Ramezani-Dakhel, H., University of Chicago
Sadati, M., The University of Chicago
Zhang, R., University of Chicago
Rahimi, M., University of Chicago
Kurtenbach, K., University of Chicago
Abbott, N. L., University of Wisconsin-Madison
Roux, B., University of Chicago
de Pablo, J. J., University of Chicago
Liquid crystals (LCs) present an ordered environment at interfaces that enables new functionalities in light focusing devices and biosensors. Numerous applications of LCs rely on instantaneous reorientation of the molecules at an interface which can propagate well into the bulk. In this contribution, we show that the spontaneous flux of water across the interface between a thermotropic liquid crystal and an aqueous phase gives rise to a transient reorientation of the liquid crystal; a new principle that differs from that of explicit liquid crystal-solute interactions.

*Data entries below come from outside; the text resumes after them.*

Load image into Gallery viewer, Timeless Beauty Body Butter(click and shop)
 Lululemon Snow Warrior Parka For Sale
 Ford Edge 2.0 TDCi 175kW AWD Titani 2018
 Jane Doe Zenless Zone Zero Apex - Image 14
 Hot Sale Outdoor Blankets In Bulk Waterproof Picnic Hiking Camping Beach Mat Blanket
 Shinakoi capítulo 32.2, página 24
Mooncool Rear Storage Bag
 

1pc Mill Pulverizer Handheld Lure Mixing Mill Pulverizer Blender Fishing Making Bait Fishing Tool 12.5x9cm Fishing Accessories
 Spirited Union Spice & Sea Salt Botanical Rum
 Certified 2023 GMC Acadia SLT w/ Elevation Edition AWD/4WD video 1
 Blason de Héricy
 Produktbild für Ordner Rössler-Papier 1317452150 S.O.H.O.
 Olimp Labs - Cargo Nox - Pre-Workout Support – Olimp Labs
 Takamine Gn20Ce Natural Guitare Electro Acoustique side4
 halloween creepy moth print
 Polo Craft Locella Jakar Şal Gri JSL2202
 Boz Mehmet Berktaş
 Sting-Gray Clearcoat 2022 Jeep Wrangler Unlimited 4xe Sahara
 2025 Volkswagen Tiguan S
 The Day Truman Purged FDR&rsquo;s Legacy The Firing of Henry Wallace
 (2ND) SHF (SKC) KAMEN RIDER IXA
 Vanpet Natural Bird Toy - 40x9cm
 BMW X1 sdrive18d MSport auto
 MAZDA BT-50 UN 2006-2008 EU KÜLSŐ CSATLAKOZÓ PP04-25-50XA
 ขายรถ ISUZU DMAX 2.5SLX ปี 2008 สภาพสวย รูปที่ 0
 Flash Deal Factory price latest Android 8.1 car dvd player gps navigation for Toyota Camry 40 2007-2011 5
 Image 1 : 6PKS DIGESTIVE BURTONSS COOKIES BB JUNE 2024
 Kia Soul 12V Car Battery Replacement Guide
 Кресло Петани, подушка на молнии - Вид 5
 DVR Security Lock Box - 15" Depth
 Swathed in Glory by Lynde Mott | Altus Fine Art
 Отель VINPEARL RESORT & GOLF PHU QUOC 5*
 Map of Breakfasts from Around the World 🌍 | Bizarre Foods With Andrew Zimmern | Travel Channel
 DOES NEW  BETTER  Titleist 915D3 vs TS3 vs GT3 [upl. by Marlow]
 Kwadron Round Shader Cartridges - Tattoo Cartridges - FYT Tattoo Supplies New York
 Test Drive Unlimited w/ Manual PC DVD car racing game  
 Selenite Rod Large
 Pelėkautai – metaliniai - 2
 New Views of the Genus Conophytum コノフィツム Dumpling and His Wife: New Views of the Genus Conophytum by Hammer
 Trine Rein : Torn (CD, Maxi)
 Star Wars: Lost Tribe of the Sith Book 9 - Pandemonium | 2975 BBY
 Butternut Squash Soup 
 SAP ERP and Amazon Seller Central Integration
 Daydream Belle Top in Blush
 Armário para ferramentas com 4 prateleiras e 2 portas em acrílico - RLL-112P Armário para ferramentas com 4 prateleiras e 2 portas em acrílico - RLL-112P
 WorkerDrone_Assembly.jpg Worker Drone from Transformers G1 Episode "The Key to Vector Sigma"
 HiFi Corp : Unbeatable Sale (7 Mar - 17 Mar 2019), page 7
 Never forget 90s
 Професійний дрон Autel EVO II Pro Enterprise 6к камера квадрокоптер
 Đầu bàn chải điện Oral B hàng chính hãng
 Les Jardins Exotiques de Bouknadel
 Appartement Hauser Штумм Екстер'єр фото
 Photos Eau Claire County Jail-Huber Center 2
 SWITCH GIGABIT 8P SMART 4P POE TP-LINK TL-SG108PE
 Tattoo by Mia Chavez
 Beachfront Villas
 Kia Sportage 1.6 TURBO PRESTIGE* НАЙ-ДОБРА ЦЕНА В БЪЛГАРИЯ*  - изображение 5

A critical water flux is created by changing the water activity of an aqueous electrolyte solution using specific salts; water is then transported through the liquid crystal phase and across the interface. The orientational response of the liquid crystal phase is then imaged by polarized optical microscopy. The magnitude of the spontaneous water flux is controlled by the concentration and type of solutes, as well as the rate of salt addition. These results provide unprecedented fundamental principles that can be exploited to design biological sensors, drug delivery systems, and molecular machines.